Am nächsten Tag haben wir nämlich eine ganze Strecke vor uns. Bis nach Salinas an der Pazifikküste wollen wir es schaffen. Dazu nehmen wir zunächst den Bus nach Guayaquil. Hier wollen wir auf keinen Fall nochmal eine Nacht bleiben, weshalb wir dort nur kurz Mittag essen und im Anschluss weiter nach Santa Elena fahren. Das ganze dauert 9 Stunden, aber eine Busfahrt mit dem Stadtbus von Santa Elena nach Salinas haben wir noch vor uns. Vorab hatten wir die Info, Salinas sei der Urlaubsort der reichen Städter, das lässt sich aber an den abgerockten Häusern, an denen wir etwa eine Stunde lang vorbei fahren, nicht erkennen. Schließlich steigen wir eine Straßenecke von unserem Hostel entfernt aus und wundern uns immer noch: Die Gegend sieht eher so aus, als wolle man hier im Dunklen nicht mehr herumlaufen. Im Hostel wird uns dieser Eindruck auch bestätigt. Zum einen Block entfernten Malecón sei es aber noch in Ordnung, also machen wir uns nach dem langen Sitzen auf dem Weg und spazieren die Promenade entlang. Einerseits um etwas zu essen, andererseits um uns Plätze auf einem Whale Watching Boot für morgen zu organisieren.
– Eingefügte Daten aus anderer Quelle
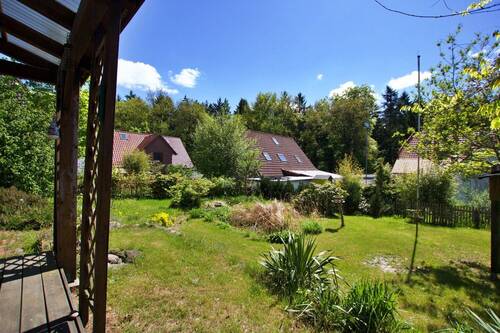 Blick in den Garten - Einfamilienhaus mit 107,20 m&sup2; in Dötlingen zum Kaufen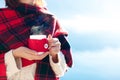 Woman drinking coffee at sea beach. Winter picnic. Girl in red plaid enjoying calm nature Royalty Free Stock Photo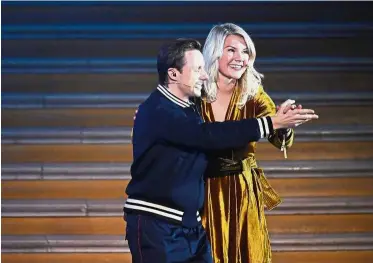  ??  ?? No twerking here: Lyon Norwegian forward Ada Hegerberg (right) dancing with DJ and co-host Martin Solveig after receiving the FIFA Women’s Ballon d’Or award at the Grand Palais in Paris on Monday. — AFP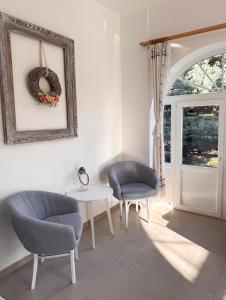 Posezení v ubytování Halháza Erdészlak Apartman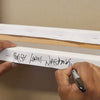 Paresh nrshinga signing his abstract painting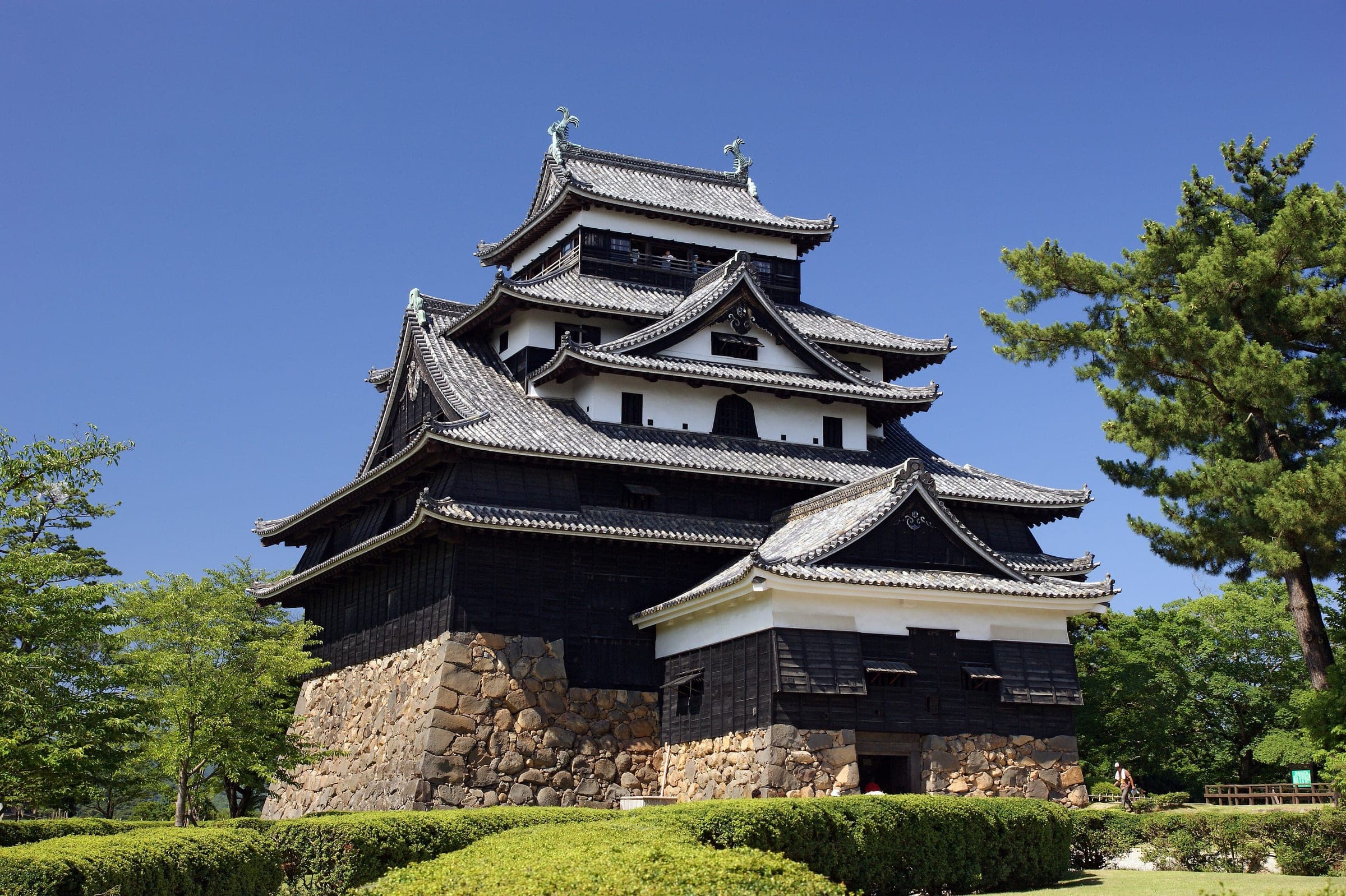 Matsue Castle's black-boarded keep stands on its stone base above clipped hedges in July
Salinas ist nämlich, neben vielen anderen Orten an der Pazifikküste, die perfekte Ausgangsbasis um von Juni bis September Buckelwale zu beobachten, die zum Gebären hier herkommen. Es ist auch tatsächlich leicht, die Tiere zu finden. Unser Kapitän fährt nur 20 Minuten aufs Meer hinaus und schon können wir fast eine Stunde lang eine 18 Meter lange Walmutter dabei beobachten, dem Kleinen schwimmen beizubringen. Die Tiere sind beeindruckend riesig und es ist ein tolles Erlebnis. Insbesondere da der Kapitän teilweise sehr nah an die Wale heranfährt und wir sie sehr deutlich sehen. Allerdings bezweifeln wir stark, dass die Tiere das auch toll finden und so können wir das ganze nicht so richtig genießen.

Nach dem Whale Watching gehen wir mit gemischten Gefühlen die Küste entlang zu einer Seelöwenkolonie. Doch bevor wir dort ankommen, endet die Straße an einer von Soldaten bewachten Schranke. Von einem Schild erfahren wir, dass hier ein Marinestützpunkt ist. Wir fragen die Soldaten, wo es zu den Seelöwen geht und sie verweisen uns auf eine Parallelstraße. Doch als wir dort ankommen, stehen wir vor der Schranke zur Basis eines Artilleriebatallions. Also fragen wieder und werden freundlich durchgewunken. Die Seelöwen werden also gut bewacht! Nach einem guten Fußmarsch riechen wir die Kolonie auch und sehen sie sogar wenig später. Wir grüßen die Tiere von Max Familie und beobachten sie eine Weile, bevor wir uns wieder auf den Rückweg machen. Am nächsten Tag werden wir Salinas in Richtung Puerto Lopez verlassen.